In fact, he's been called the most dangerous Christian comedian in the country.
His groundbreaking album, Put a Helmet On.
He's also been profiled in New Yorker magazine.
And he plays a very amusing and interesting role in Vindicating Trump.
You can follow him on X at Brad Stein, S-T-I-N-E, and his website, bradstein.com.
Brad, welcome. Thanks for joining me.
I gotta say, I think that you and a couple of others kind of stole the show and the recreations of vindicating Trump.
You play a kind of DNC operative, maybe the head of the DNC. Talk a little bit about that role and talk a little bit about what you were going for in that recreation.
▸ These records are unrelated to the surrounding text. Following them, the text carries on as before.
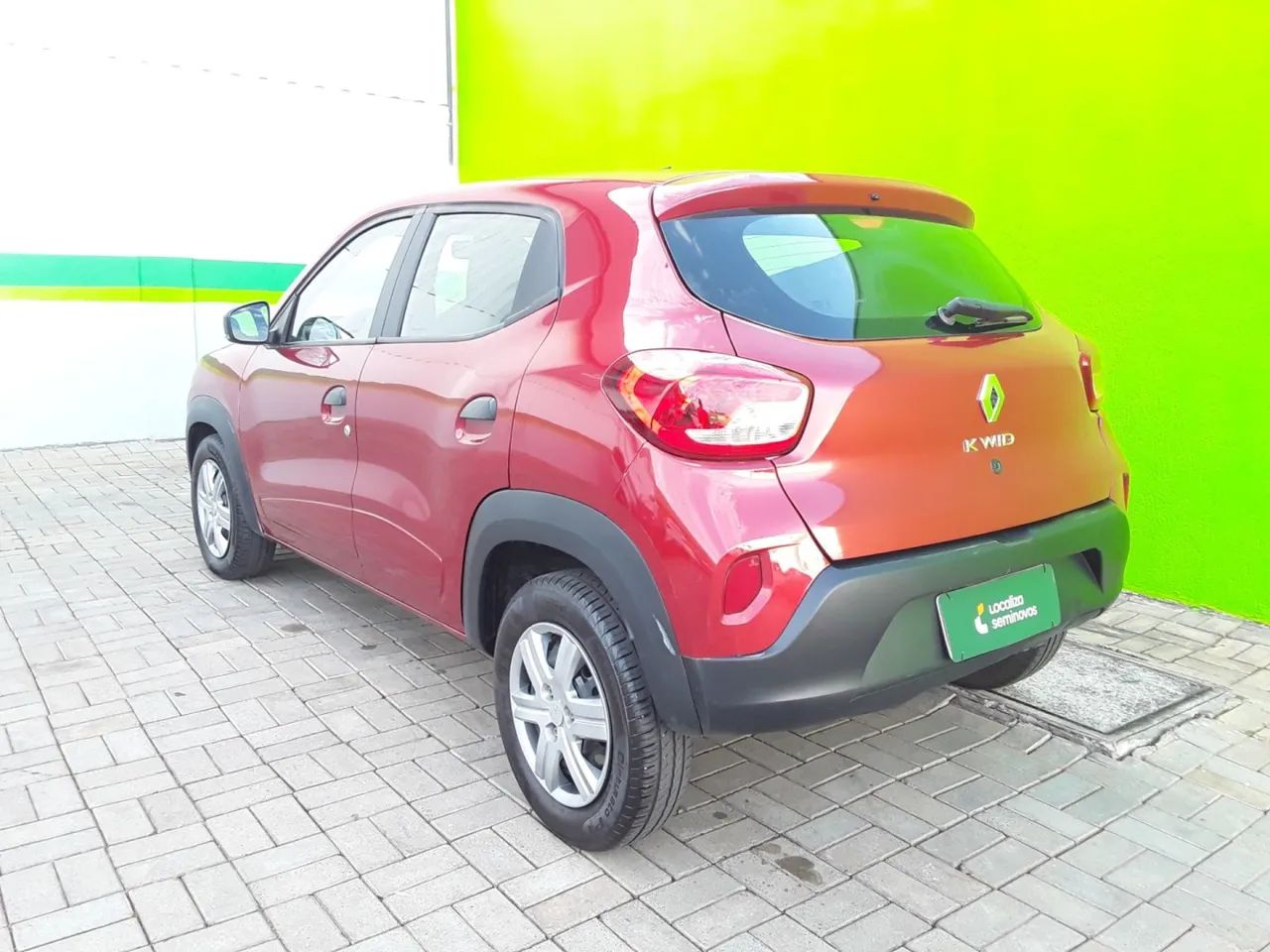 Renault Kwid 1.0 Zen 2025 - Foto 3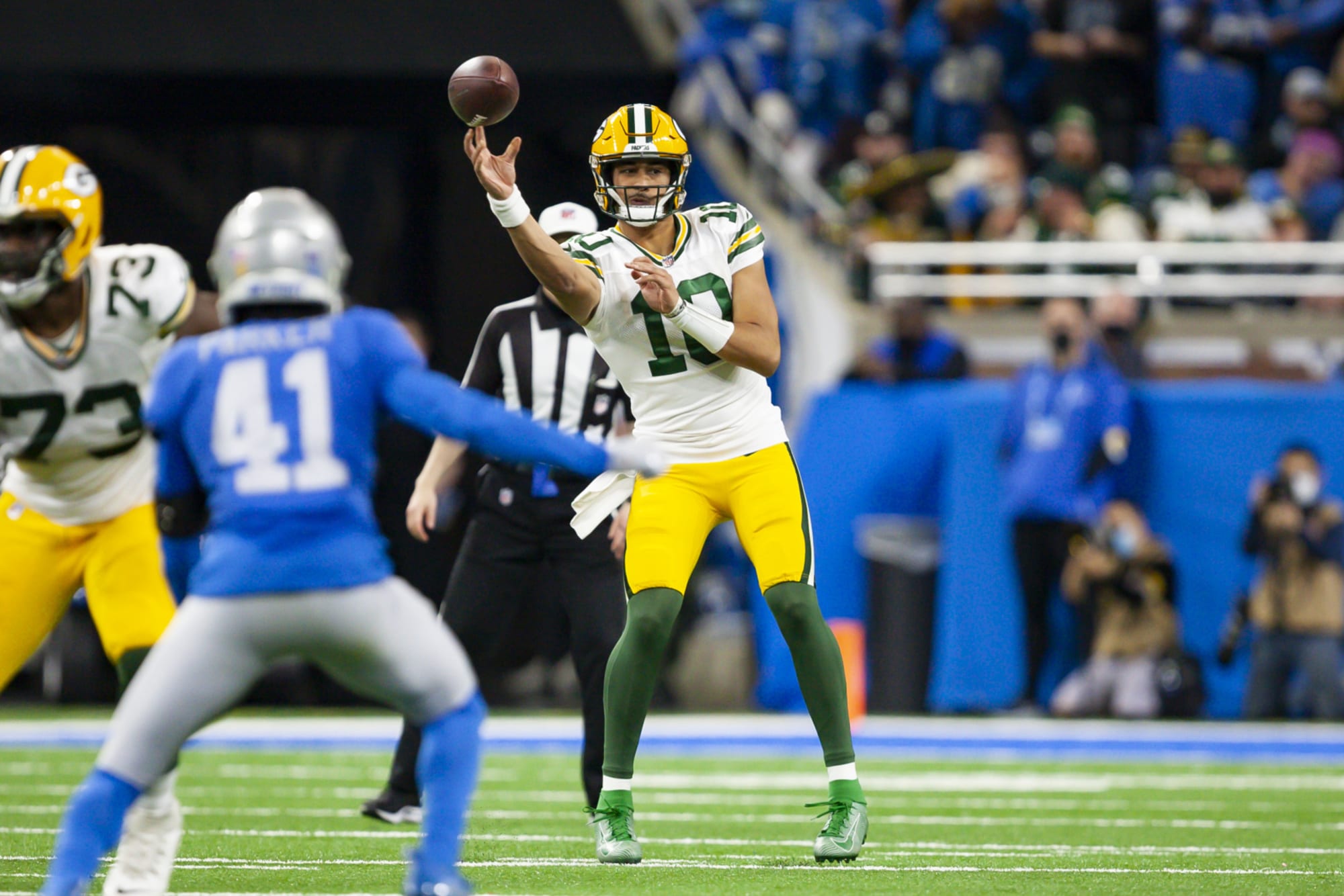 Why Seahawks should make a trade for Packers QB Jordan Love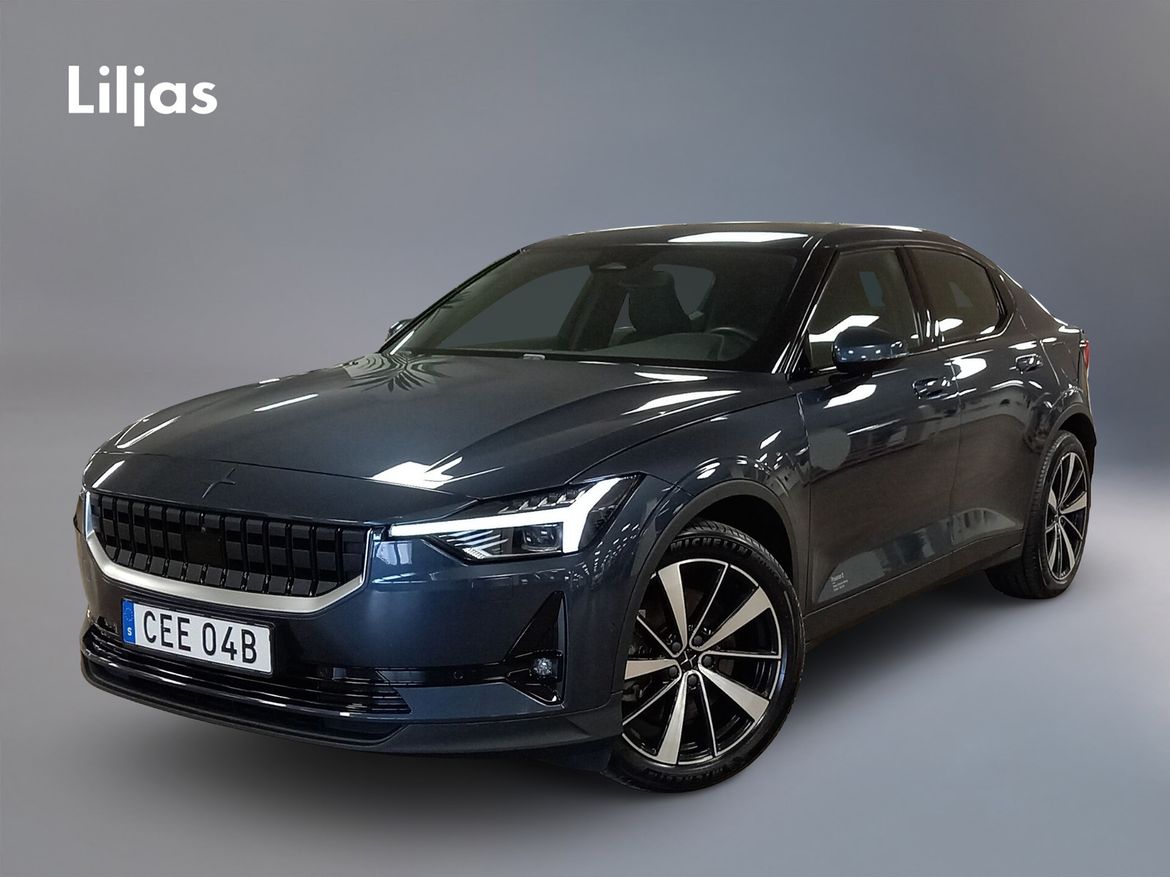 CEE04B – Polestar 2 Long Range Dual Motor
Well, the first thing I was going for was to see how long I could stay safe and alive being in a Dinesh D'Souza film.
I didn't realize it was an existential threat to join you in your amazing body of work when it comes to trying to tell hard stories in America.
It was fun.
It's always fun to play the heavy guy.
It's always fun to play kind of the the nefarious guy the mean guy. You know, I love what you guys do I mean you're you make it a docudrama. So you deal with reality or you actually interviewed extensively Trump himself and and as well as Laura Trump and numerous others as well as how Balloting works and how easy it is to fake that So, you know, you get in some really important issues when it comes to liberty and freedom in America, or if we even still have it.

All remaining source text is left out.